Nigerian Telecom Operators Slash 383 Jobs as Operating Costs Skyrocket 85% Due to Inflation and Forex Crisis
Nigeria’s vital telecommunications sector is facing severe headwinds as the combined pressures of rising inflation and critical foreign exchange (forex) woes have forced operators to significantly cut operational costs, leading to job losses. Data from the Nigerian Communications Commission (NCC) confirms that the industry’s total workforce was reduced by 383 employees in one year.

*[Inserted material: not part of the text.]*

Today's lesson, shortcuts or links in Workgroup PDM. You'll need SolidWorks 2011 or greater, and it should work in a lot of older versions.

According to the NCC’s 2023 and 2024 Year-End Performance Reports, the industry’s total staff strength across licensed operators fell from 17,882 workers in December 2023 to 17,499 workers by December 2024. This reduction occurred as the industry grappled with an astonishing 85.35% year-on-year increase in operating expenses, which surged from ₦3.16 trillion to ₦5.85 trillion within the same period.

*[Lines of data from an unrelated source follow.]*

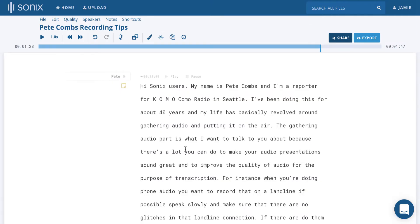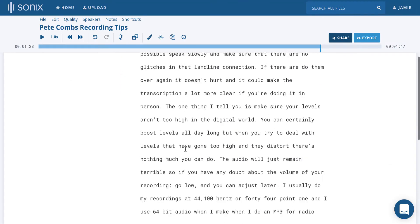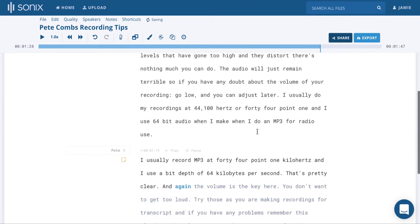Click Replace All and you'll see mp3 has been capitalized. And that's how you use Find and Replace in Sonics.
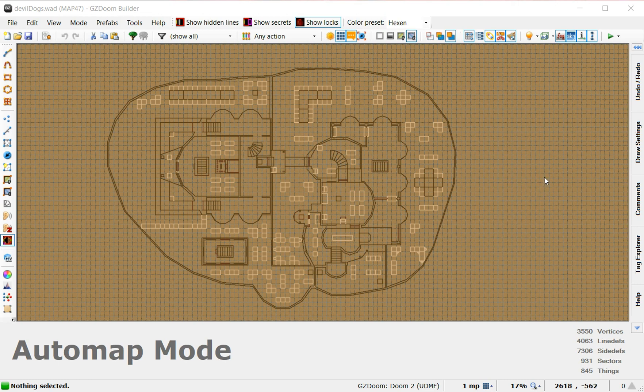All right. This is map 47 of Jarhead Chronicles, entitled Devil Dogs. You're going to really like this one, guys. Download it and play the shit out of it.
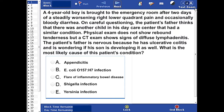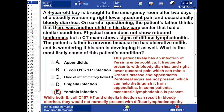Okay. So the correct answer here is E — Yersinia infection. This child likely has an infection of Yersinia enterocolitica. It frequently presents with bloody diarrhea and right lower quadrant pain, which can mimic Crohn's disease and appendicitis.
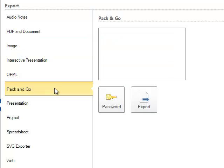Pack and Go allows you to export your map with all of your links and folders. So you can zip your map up and send it over to anybody else so they can open the map and access any of your links and folders that you've inserted onto your map.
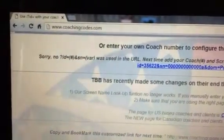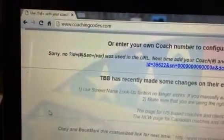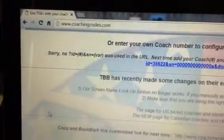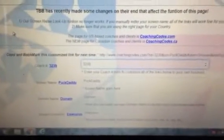Hey coaches. So this is how you use coaching codes. You just want to go to www.coachingcodes.com. Then you're going to go down to where it says Coach ID — you have to scroll down a little ways — and then you want to enter in your ID number.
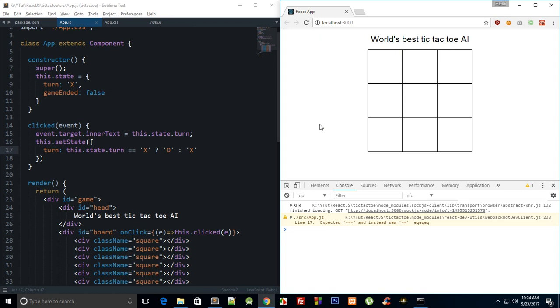What is going on everybody, welcome to your 20th React.js tutorial in which I'm going to implement a little more logic to our game and fix some things. So first of all, to fix the thing of overriding others' move, what we can do is:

The NCC attributed the skyrocketing expenditure to macroeconomic challenges, primarily high energy costs required to power base stations, persistent inflationary pressure, and the difficulty in accessing forex needed to import crucial network equipment and technology upgrades.

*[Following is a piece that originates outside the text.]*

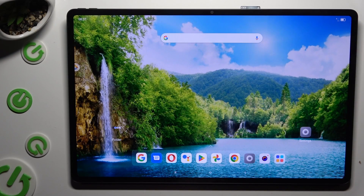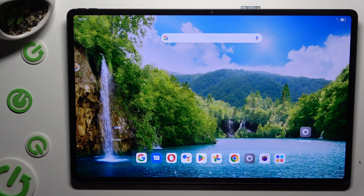In front of me is the Novotap Extreme, and today I would like to show you how you can open apps in pop-up view.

GSM and ISP Segments Hit Hardest
A breakdown of the employment figures shows that the workforce reduction was concentrated in the key market segments. GSM operators led the cuts, shedding staff from 7,212 to 6,658. Internet Service Providers (ISPs) and Value-Added Service (VAS) providers also saw notable workforce reductions as they sought to optimize operations against the difficult economic backdrop.
The job cuts underscore a challenging period for the sector, which, despite recording high revenue growth (44.70% in 2024), saw its profitability severely eroded by the astronomical rise in costs. Telecom operators have persistently complained that delayed and inadequate tariff hikes have left them unable to maintain, expand, or modernize their networks, ultimately placing the sustainability of the entire sector at risk.
The NCC report noted that even though the commission secured zero Right-of-Way (RoW) fees in some states, operators continue to struggle with multiple taxation and the harsh microeconomic environment, necessitating drastic measures like workforce reduction to stay afloat.